Pero en aquel momento Peggotty (me refiero a mi Peggotty particular) empezó a hacerme gestos tan expresivos para que no siguiera preguntando, que no tuve más remedio que sentarme y mirar a toda la silenciosa compañía, hasta que llegó la hora de acostamos. Entonces, en la intimidad de mi cuartito, Peggotty me explicó que Ham y Emily eran un sobrino y una sobrina huérfanos a quienes mi huésped había adoptado en diferentes épocas, cuando quedaron sin recursos, y que mistress Gudmige era la viuda de un socio suyo que había muerto muy pobre.
-Él tampoco es más que un pobre hombre -dijo Peggotty-, pero tan bueno como el oro y fuerte como el acero.
Estos eran sus símiles.
Y el único asunto, según me dijo, que le encolerizaba y sacaba de sus casillas era que se hablase de su generosidad; y si cualquiera aludía a ello en la conversación daba con su mano derecha un violento puñetazo en la mesa (tanto que en una ocasión la rompió) y juraba con una horrible blasfemia que tomaría el portante y se lanzaría a nada bueno si volvían a hablar de ello.

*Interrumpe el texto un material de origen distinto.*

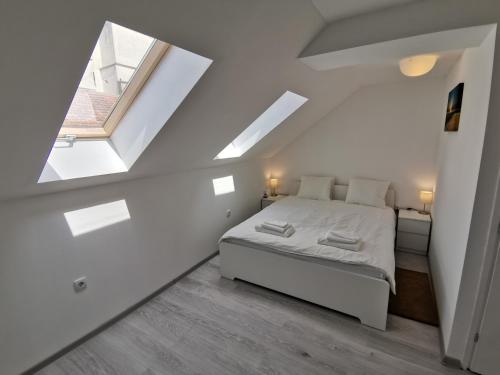 a white bedroom with a bed and a window at RIS CENTRAL Apartments in Novi Sad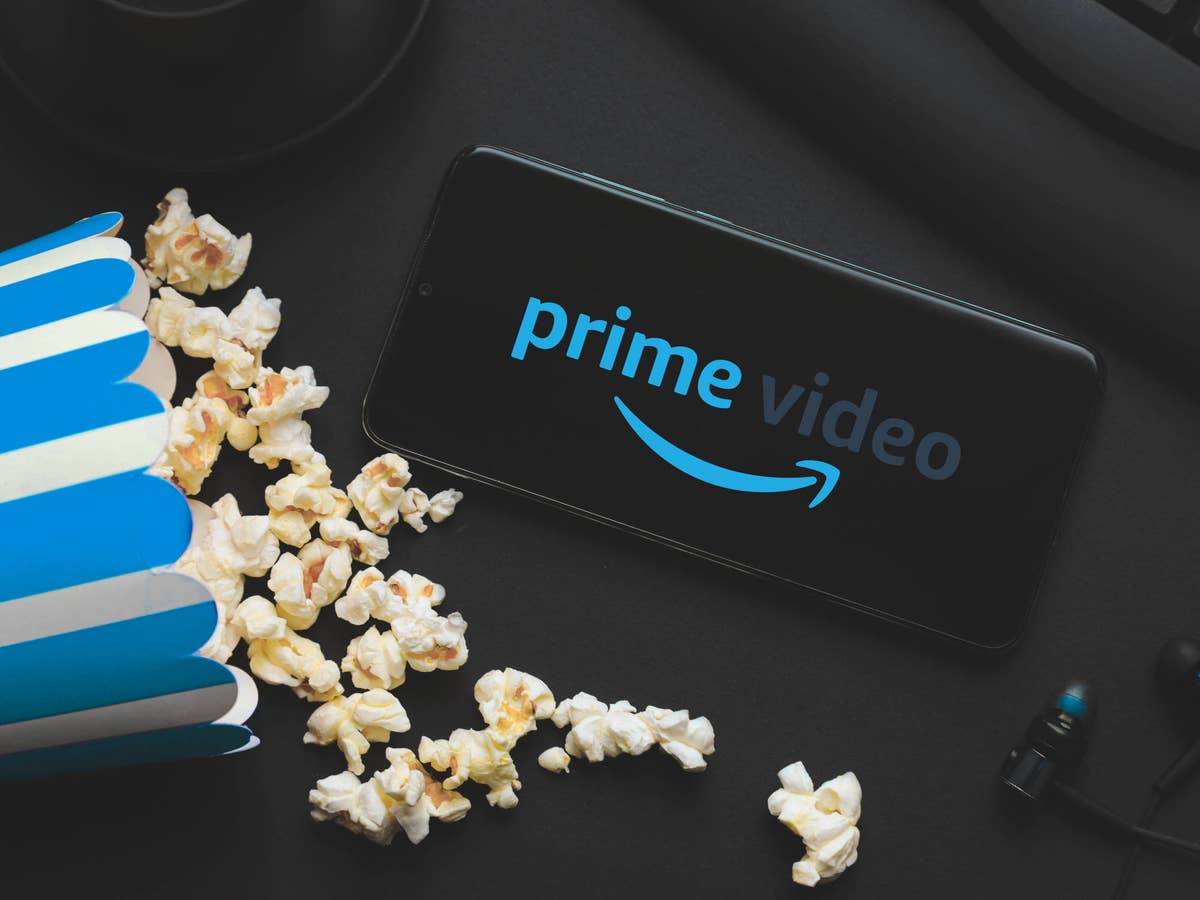 Prime Video auf einem Smartphone neben einer umgekippten Tüte Popcorn.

Por muchas preguntas que hice nadie pudo darme la menor explicación gramatical sobre aquella terrible frase «tomar el portante», que todos ellos consideraban como si constituyese la más solemne imprecación.
Pensaba con cariño en la bondad de mi huésped mientras oía a las mujeres, que se acostaban en otra cama como la mía en el extremo opuesto del barco, y a él y a Ham colgando dos hamacas, donde dormían, en los ganchos que había visto en el techo; y en el más eufórico estado de ánimo me iba quedando dormido.